# My story



## tiggerbaby (Jul 25, 2008)

Not sure if some would consider this a rescue story or not, but here goes:

My friend had three cats, and was going to take two to the pound because she couldn't take care of all three. I tried to talk her out of it, and then she remembered my birthday was coming up. She offered to give me her two males who are brothers for my birthday. Of coarse I said yes, and they have been living with me ever since. The best birthdayh presents I ever had!


----------



## seashell (Dec 5, 2003)

Yes, I think you did rescue those cats from goodness knows what fate at the pound. What are their names? How long have you had them now?

seashell


----------



## tiggerbaby (Jul 25, 2008)

Their names are Fluffy & Smokey Bear. They are Burmese/Main **** mix. Chocolate/tan in color, with the pretiest blue eyes.

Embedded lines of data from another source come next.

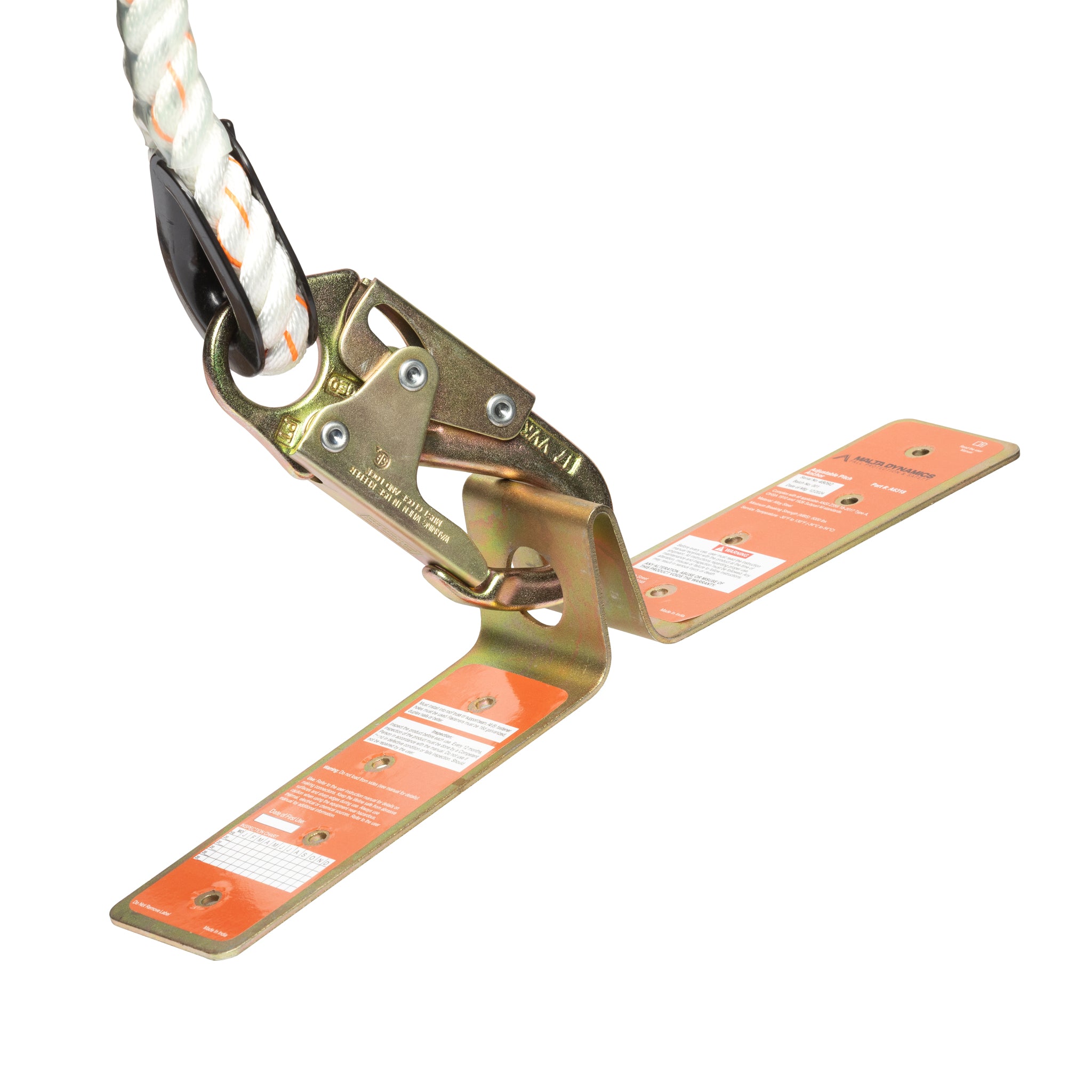 Single Use Roof Anchor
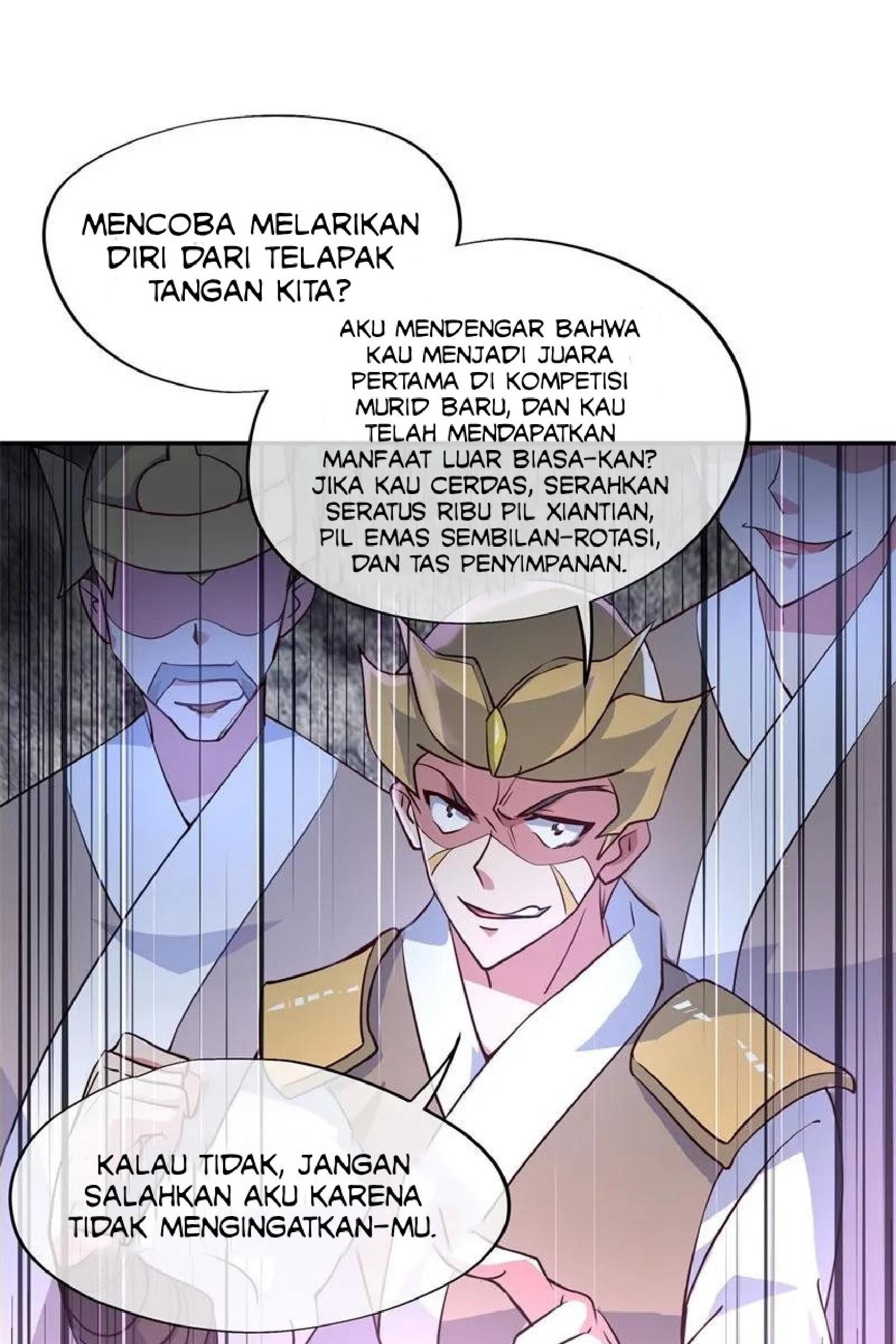 Peerless Soul Chapter 109 - halaman 37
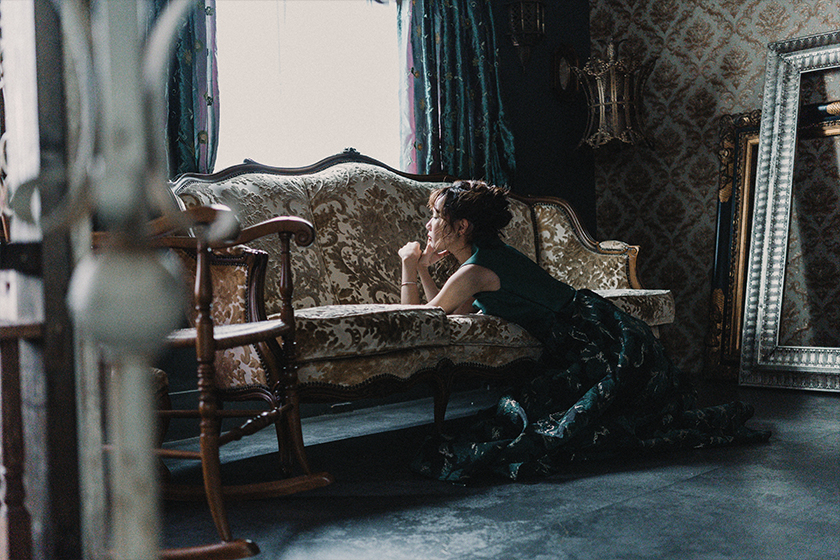 フォトウェディング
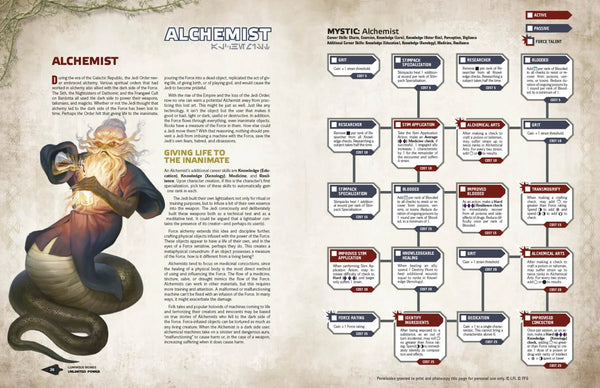 Star Wars Force and Destiny RPG: Unlimited Power - 4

I have had them for 2 years now and know I couldn't do without them, they are such an important part of my life!


----------



## kindyroot (Apr 17, 2009)

Just tell me when your birthday is, I have some more two gifts for you :bday :mrgreen:


----------



## tiggerbaby (Jul 25, 2008)

kindyroot said:


> Just tell me when your birthday is, I have some more two gifts for you :bday :mrgreen:


Awwwee, thanks! My birthday is March 9th


----------